Here’s a card that doesn’t get much attention but is actually excellent for local spending. You earn 3.2 air miles whenever you spend on restaurant dining, petrol, public transport (including Grab and taxi) and hotel bookings at Agoda. And that’s just local spending.

When you are overseas, you’ll earn two miles for every dollar spent on air tickets, travel packages and foreign currency transactions. This last category includes foreign currency spending online, which you don’t need to go overseas to indulge in.

The earn rate for overseas spending is so-so, but the card offers one of the best rates for local spending.

The main drawback? You need to spend at least $300 in a calendar month in order to qualify for the miles.
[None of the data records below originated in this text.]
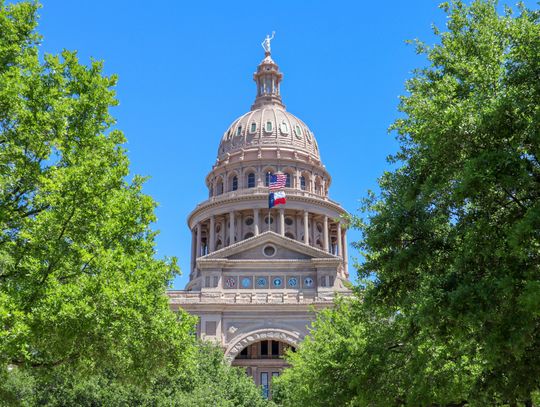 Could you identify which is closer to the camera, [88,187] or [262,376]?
[88,187]

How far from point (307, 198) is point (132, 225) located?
66.1 m

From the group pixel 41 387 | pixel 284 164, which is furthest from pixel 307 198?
pixel 41 387

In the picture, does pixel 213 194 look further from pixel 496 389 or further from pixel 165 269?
pixel 496 389

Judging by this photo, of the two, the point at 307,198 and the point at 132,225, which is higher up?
the point at 307,198

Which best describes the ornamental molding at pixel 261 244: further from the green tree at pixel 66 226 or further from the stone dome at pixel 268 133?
the green tree at pixel 66 226

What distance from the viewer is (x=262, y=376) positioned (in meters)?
65.3

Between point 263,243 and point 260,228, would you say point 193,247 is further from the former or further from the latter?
point 263,243

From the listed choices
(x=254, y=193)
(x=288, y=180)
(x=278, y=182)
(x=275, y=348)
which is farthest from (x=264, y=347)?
(x=288, y=180)

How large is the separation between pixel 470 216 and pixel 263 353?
55.9 m

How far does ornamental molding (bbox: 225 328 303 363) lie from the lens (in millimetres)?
63072

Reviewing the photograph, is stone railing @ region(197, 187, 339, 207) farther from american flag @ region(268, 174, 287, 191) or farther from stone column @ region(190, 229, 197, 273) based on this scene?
stone column @ region(190, 229, 197, 273)

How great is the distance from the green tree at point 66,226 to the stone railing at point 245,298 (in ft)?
140

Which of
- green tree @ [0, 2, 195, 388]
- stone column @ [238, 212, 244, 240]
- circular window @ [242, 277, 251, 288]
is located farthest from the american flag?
green tree @ [0, 2, 195, 388]

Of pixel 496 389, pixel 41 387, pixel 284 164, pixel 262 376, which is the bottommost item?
pixel 496 389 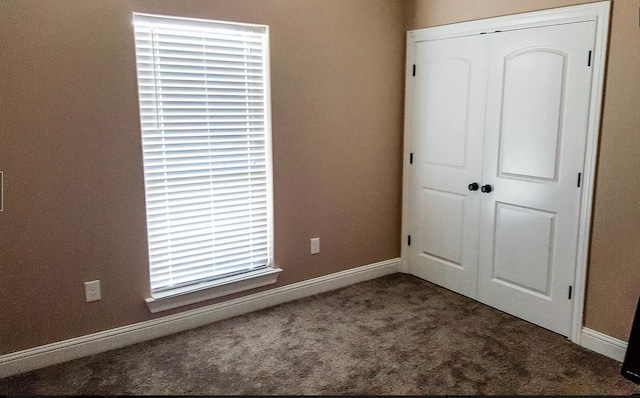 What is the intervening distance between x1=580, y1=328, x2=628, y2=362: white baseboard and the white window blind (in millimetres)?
2087

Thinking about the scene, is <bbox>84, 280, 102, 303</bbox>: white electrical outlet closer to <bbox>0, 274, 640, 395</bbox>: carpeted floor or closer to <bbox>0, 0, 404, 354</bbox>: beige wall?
<bbox>0, 0, 404, 354</bbox>: beige wall

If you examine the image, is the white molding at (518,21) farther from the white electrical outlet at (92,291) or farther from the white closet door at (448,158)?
the white electrical outlet at (92,291)

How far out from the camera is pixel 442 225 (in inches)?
153

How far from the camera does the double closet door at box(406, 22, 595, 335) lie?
3.01 m

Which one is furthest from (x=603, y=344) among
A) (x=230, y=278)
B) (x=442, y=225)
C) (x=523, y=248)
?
(x=230, y=278)

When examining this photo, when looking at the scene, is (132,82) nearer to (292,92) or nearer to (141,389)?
(292,92)

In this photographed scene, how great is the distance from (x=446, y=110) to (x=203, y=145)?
1769mm

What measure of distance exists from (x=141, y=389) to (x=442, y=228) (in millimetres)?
2383

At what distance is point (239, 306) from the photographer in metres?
3.45

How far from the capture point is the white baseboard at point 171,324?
274cm

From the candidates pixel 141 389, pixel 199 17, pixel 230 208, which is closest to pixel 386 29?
pixel 199 17

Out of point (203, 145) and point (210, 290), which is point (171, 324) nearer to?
point (210, 290)

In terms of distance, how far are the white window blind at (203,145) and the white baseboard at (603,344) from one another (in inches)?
82.2

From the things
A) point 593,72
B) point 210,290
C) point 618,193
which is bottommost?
point 210,290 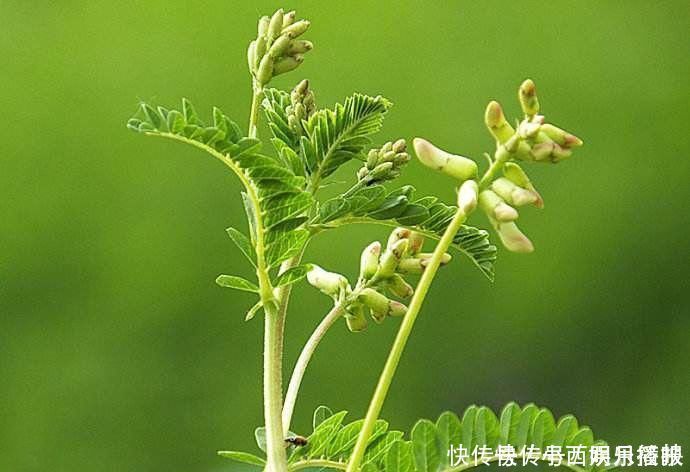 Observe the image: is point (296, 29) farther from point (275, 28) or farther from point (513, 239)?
point (513, 239)

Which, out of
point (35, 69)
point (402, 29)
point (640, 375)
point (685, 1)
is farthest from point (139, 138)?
point (685, 1)

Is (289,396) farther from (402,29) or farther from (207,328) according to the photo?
(402,29)

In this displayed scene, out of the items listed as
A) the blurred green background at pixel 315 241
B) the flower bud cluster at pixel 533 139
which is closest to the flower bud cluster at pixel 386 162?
the flower bud cluster at pixel 533 139

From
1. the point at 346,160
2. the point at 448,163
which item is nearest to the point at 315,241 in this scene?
the point at 346,160

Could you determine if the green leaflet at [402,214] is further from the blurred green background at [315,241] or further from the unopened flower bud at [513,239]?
the blurred green background at [315,241]

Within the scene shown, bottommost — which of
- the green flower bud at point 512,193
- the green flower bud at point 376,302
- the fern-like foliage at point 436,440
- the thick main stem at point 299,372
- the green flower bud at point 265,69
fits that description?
the fern-like foliage at point 436,440

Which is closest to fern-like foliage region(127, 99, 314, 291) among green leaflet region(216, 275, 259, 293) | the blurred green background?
green leaflet region(216, 275, 259, 293)

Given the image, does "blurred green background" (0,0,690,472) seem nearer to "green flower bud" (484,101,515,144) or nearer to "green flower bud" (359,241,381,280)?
"green flower bud" (359,241,381,280) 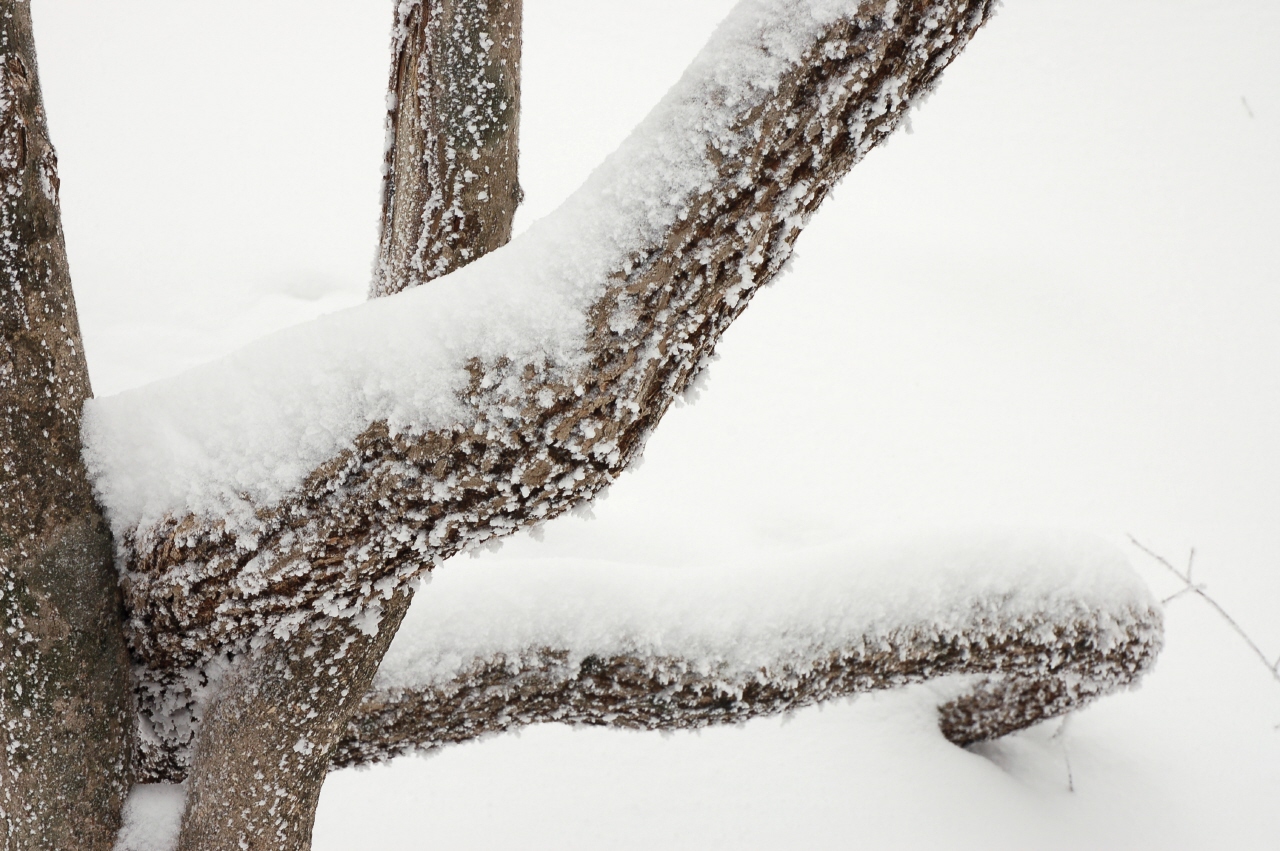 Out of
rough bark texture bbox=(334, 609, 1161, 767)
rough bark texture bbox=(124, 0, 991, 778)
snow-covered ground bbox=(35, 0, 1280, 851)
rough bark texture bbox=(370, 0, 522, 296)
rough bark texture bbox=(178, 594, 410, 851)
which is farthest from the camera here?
snow-covered ground bbox=(35, 0, 1280, 851)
That’s a bummer considering most air miles cards don’t have minimum spending requirements.

The card’s annual fee is $180, but waived for three years instead of the usual one year. If you spend at least $18,000 in a year you can get subsequent annual fee payments waived.

9. UOB PRVI Miles Card

This card offers one of the best rates for general overseas and local spending, at 2.4 miles per $1 spent overseas and 1.4 miles per $1 spend locally. You also get 6 miles per $1 spent on Agoda, Expedia and UOB Travel, as well as 1.4 miles per $1 spend on bus and train rides. All this, with no minimum spend and no cap on the miles you earn.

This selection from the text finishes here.